At 12:30 p.m. I leave for the airport only just having receiving my travel pass from an agency of the Sudan People’s Liberation Army, which rules South Sudan. The plane is a 22-seat propeller model. We touch down in a small airport in Lokichoggio, northwest Kenya. White foreigners and black nationals are piling luggage into pickup trucks for transport between the airplanes and the simple and crudely fashioned outbuildings that comprise the terminal. Wilson, an IMC logistician, is waiting for me. The parking lot is populated mostly by INGO vehicles and the World Food Programme flag flies next to the Kenyan flag. While we wait for my luggage to be delivered to the parking lot in a pickup truck, Wilson tells me that he is Kenyan. “The Africans will never be able to be alone,” he says, meaning that his people are incapable of caring for themselves.

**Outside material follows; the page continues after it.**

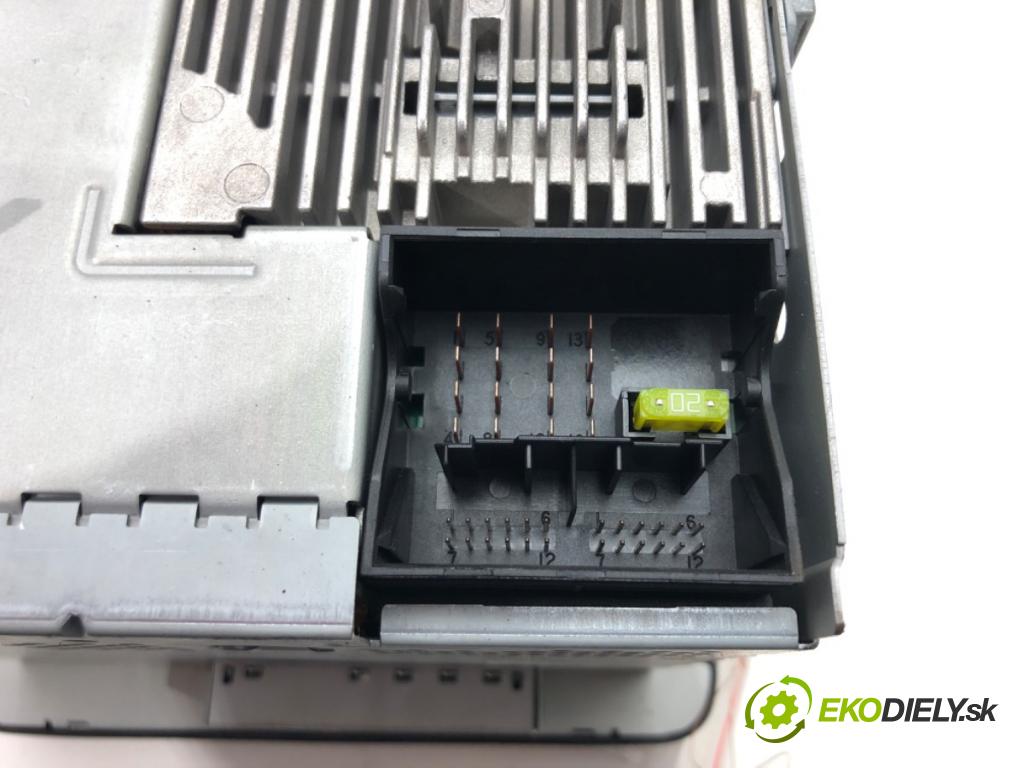 VW PASSAT B6 Variant (3C5) 2005 - 2011    1.9 TDI 77 kW [105 KM] olej napędowy 2005 - 2010  RADIO Navigácia 1T0035680A (Audio zariadenia)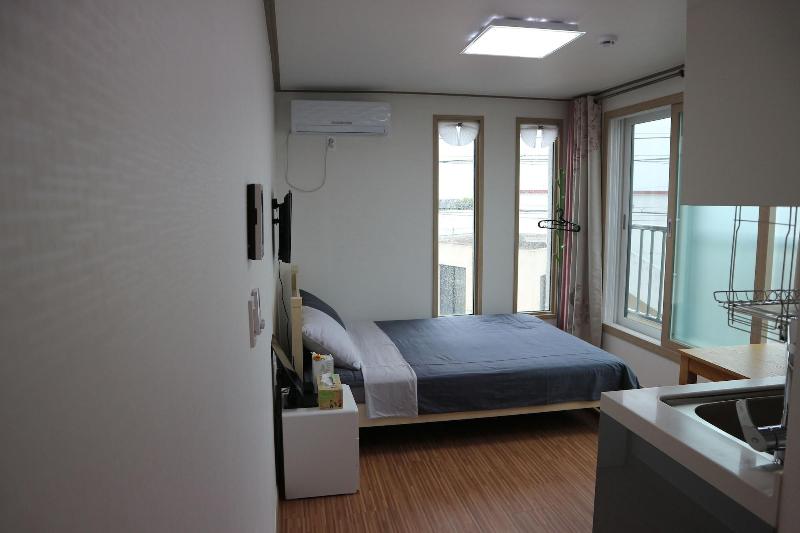 Blue Island Guesthouse - Hostel image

I am taken to the nearby United Nations compound, where IMC has a small office and sleeping accommodations. “That way is Kenya and that way is Uganda,” says Wilson, pointing toward a ring of small mountains. Dusty children play alongside the road near a shantytown of rusting tin roofs, women carry items on their heads, men crouch underneath a tree. The roads are pockmarked with potholes. The UN compound is a cornucopia of humanitarian relief agencies. Nightfall brings a sky of rhinestones glittering on a field of inky black African velvet.